= Takbirut Tashreeq =

Recitation of Takbir during tashriq

Takbir-e-Tashreeq is the recitation of Takbir during the period of tashriq. It is practiced by Muslims from the time of the morning prayer on the 9th day of the month of Dhul Hijjah until after the afternoon prayer on the 13th day of Dhul Hijjah (before entrance of the dusk prayer). The 9th is the day of Arafah, the 10th is the first day of Eid al-Adha, and the period from the 11th to the 13th of Dhul Hijjah are the 2nd to 4th days of Eid referred to as days of tashriq. During the period of Eid fasting is not permitted. Scholars differ whether Takbir at-Tashreeq is compulsory or highly encouraged, there is also disagreement over the wording to be used.

==Origin==
Ibrahim was ordered by Allah to sacrifice what is most beloved to him, his only son Ismail. So he prepared his own heart to sacrifice Ismail and told him of this. The son readily agreed to submit to Allah's wish. When Ibrahim began moving the knife on Ismail, the angels were sent with a ram from Jannah to replace Ismail.

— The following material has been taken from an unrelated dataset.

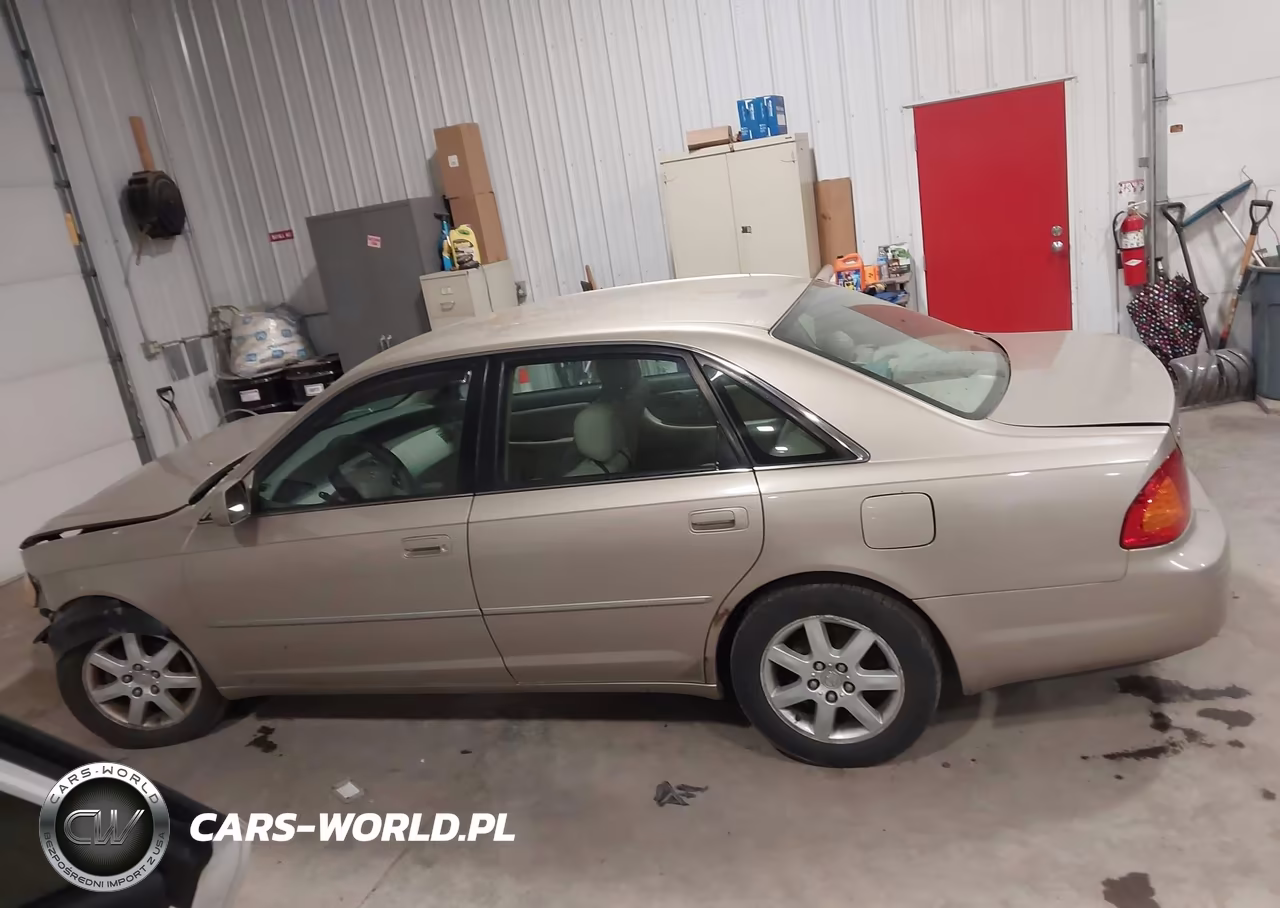 2002 Toyota Avalon Xls VIN:4T1BF28B72U267197 - 13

The angels exclaimed: Allahu Akbar Allahu Akbar (Allah is the Greatest, Allah is the Greatest). ‘Ibrahim heard the voice of the angels and said: "La 'ilaha 'ill-allahu wa Allahu Akbar" (There is none worthy of worship besides Allah and Allah is the Greatest).

Ismail heard this conversation and realized that Allah had relieved him from this great trial and so he said: "Allahu akbar wa lillahil hamd" (Allah is the Greatest and to Allah belongs all praise).